> [What to produce]:
In the listing below, locate the line containing "My Cat Is Losing" and the line containing "Survey field personnel". Output both of them and every line between, exactly as written, and nothing more.

►

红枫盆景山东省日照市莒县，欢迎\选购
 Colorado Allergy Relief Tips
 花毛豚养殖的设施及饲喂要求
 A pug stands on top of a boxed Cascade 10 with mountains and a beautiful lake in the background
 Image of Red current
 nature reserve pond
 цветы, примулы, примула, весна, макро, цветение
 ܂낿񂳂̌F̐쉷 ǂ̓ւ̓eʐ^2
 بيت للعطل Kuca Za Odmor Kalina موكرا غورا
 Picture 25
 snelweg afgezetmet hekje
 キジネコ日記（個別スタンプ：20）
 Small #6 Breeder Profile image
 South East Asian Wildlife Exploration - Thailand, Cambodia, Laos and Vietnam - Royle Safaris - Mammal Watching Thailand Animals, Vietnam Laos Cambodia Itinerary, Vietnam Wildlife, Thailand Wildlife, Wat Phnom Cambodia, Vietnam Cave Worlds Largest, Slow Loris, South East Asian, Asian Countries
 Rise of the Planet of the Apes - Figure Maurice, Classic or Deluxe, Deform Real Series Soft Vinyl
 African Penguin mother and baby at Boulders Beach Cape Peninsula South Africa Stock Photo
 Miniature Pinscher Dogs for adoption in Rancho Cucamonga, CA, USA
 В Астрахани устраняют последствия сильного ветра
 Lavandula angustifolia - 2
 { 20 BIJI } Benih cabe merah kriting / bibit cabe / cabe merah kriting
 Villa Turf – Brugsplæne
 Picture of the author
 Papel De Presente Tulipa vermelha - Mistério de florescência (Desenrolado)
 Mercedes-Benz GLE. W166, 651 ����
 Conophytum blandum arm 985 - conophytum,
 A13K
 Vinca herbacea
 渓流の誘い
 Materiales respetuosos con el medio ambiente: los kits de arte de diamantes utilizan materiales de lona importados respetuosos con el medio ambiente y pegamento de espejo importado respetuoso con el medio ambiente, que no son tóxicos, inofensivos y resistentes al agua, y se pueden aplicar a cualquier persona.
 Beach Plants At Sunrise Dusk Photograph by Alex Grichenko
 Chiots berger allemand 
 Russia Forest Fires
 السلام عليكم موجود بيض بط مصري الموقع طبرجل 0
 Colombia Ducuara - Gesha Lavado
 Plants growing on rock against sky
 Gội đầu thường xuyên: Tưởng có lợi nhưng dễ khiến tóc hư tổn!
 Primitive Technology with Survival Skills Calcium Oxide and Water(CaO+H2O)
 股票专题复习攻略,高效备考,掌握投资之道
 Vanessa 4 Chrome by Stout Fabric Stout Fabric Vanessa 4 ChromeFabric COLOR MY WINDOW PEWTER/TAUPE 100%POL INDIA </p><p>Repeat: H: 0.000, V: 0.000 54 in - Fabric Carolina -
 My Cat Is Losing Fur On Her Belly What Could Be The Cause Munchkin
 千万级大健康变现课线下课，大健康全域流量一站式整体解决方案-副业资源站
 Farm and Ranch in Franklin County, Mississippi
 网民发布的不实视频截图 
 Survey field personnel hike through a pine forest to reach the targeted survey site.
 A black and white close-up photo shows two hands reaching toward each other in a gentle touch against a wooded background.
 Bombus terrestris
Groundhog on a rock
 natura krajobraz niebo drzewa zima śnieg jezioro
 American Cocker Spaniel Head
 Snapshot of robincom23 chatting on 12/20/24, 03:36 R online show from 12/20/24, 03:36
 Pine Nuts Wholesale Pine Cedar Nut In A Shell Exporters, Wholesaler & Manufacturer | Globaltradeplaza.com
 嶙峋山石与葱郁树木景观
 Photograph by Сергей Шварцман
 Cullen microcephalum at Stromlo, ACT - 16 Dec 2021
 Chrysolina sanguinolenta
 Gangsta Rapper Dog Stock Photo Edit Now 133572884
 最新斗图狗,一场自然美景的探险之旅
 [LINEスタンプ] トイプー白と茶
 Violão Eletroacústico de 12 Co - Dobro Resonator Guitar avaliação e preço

◄

> [Answer to the problem]:
 My Cat Is Losing Fur On Her Belly What Could Be The Cause Munchkin
 千万级大健康变现课线下课，大健康全域流量一站式整体解决方案-副业资源站
 Farm and Ranch in Franklin County, Mississippi
 网民发布的不实视频截图 
 Survey field personnel hike through a pine forest to reach the targeted survey site.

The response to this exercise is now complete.